Teammates
relish the full-contact game
June 5, 2003
EV1
Simonds has worked for years
in a male-dominated field. She owns her own contracting
company and says that at first her male counterparts
thought she was a cleaning lady coming to tidy up building
sites - not to orchestrate construction.
"After they see you doing
it, then it's OK," she says.
Simonds is optimistic that one
day women's football will be treated with the respect
it deserves.
But for now, she, Verbeck and
the rest will do what it takes to play a game they've
long been denied.
Goin' to Kansas City
Sitting alone in the middle of
the bus is defensive end Michelle Marcus, 28, of St.
Louis. Bespectacled and bookish, the computer programmer
with Maritz Inc. stands all of 5 feet tall.
A Mylar balloon floats nearby.
Marcus' "Slam Mate" gave it to her with some
energy bars and a key chain that says, "Don't mess
with Marcus."
Each game day, players are paired
with a new Slam Mate who cheers them on and brings them
goodies. A lot of the players already knew each other
from playing on local flag football teams. Some are
rivals. Slam Mates was set up to break down those rivalries
and to introduce players.
Marcus jokes that the balloon
helps her teammates keep track of her in large crowds.
When she told her family she
was trying out for a full-contact football team, they
were skeptical.
"They kind of find it amusing,"
Marcus says. "Because of my size, I'm not going
to dominate anyone. But they are very proud of me."
Playing has been harder than
Marcus - and the others - had anticipated.
First, there's the beating she
takes during practice and games. In addition to crushing
blows and being trampled with cleats, Marcus has had
her share of scratches and gashes from long fingernails.
"You also have to be thinking
at all times - 'What am I supposed to do and where am
I supposed to be on this play?'" Marcus says. "I
have never had to think so much and in such a short
amount of time. You really have to get the physical
part down so you can focus on the mental part of the
game. That's why I'm disadvantaged, starting this at
28. You really need to start playing football at 14
as a freshman."
Part of the reason Marcus made
the team was she showed up for all of the tryouts, Simonds
says.
"It was her heart and drive,
and I believe a lot of heart can overcome physical inabilities
or physical size," Simonds says. "And she
doesn't whine and bitch and moan because she doesn't
get to play. She knows other people are better than
her, so she waits for her chance."
Marcus' braininess doesn't hurt
either. She steps in on both offense and defense and
has memorized everything in the playbook, just in case
she gets some field time.
"She's come in especially
handy where we've had injured people," Simonds
says. "She's stepped in and made tackles and held
the ball for the kicker, which is not an easy thing
to do."
Marcus, who didn't know a soul
on the Slam when preseason practice began, now hurls
good-natured barbs at some of her teammates, especially
at the boisterous duo of Kelly "Koz" Kozlen
and Leanna "Rudy" Heritage. The two St. Louis
elementary school teachers have a penchant for crude
jokes and
colorful school-spun tales.
"You'll have to excuse Koz,"
Marcus says after the delivery of one particularly raunchy
quip. "We don't know where we picked her up."
At the movies
The players quiet down when "Remember
the Titans" starts at 9:45 a.m. The movie, starring
Denzel Washington, takes place during the 1960s and
is about the bonding of black and white football players
at a recently desegregated high school. The team always
watches movies about football on the bus during trips.
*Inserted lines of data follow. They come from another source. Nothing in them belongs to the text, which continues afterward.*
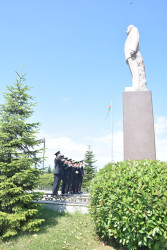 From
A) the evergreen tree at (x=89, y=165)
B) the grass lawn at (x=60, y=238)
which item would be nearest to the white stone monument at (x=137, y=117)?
the grass lawn at (x=60, y=238)

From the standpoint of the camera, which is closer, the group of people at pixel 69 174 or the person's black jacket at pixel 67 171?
the group of people at pixel 69 174

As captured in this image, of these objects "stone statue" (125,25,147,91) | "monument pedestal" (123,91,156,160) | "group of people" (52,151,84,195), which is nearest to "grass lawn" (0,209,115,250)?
"monument pedestal" (123,91,156,160)

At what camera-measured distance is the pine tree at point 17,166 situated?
5139mm

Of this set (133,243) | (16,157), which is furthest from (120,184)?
(16,157)

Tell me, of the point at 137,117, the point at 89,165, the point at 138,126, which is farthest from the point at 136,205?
the point at 89,165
It pumps them up and helps pass time.
Several Slam players, including
Koz and Marcus, wipe tears from their eyes when the
team captain in the film is paralyzed in a car accident.
Afterward, each player pitches
in $2 to cover a tip for the bus driver and the waitresses
at Old Country Buffet, where they stop for lunch - the
main meal of the day.
Then it's off to register at
the Drury Inn, where the team will spend the night.
After dropping their bags there, the team reboards the
bus for the stadium at J. C. Harmon High School on the
Kansas side of Kansas City. It's 4:20 p.m..
Road games mean a lot less worry
and scurry for Simonds, who can focus all of her attention
on coaching. As owner and general manager, she has to
fret over things like running out of nacho cheese during
halftime when the Slam plays its home games at Gateway
Technical Institute High School in south St. Louis.
That actually happened during the team's first home
game at Gateway Tech, when 800 spectators showed up,
she says.
The team runs through an hour
or so of warm-up drills at J.C. Harmon before going
into the locker room to gear up for the 7:05 game.
Several players remove jewelry
and tape up piercings in their eyebrows, lips, even
a nipple or two, before putting on their pads.
"If someone was smart, they
would make this with a breast pad," says defensive
back Vanessa Hollinshed, adjusting the straps of her
shoulder pads that ride above her breasts.
To play full-contact football,
you have to be tough - and these women are. They play
with the ferocity of a pack of hungry hyenas at a barbecue.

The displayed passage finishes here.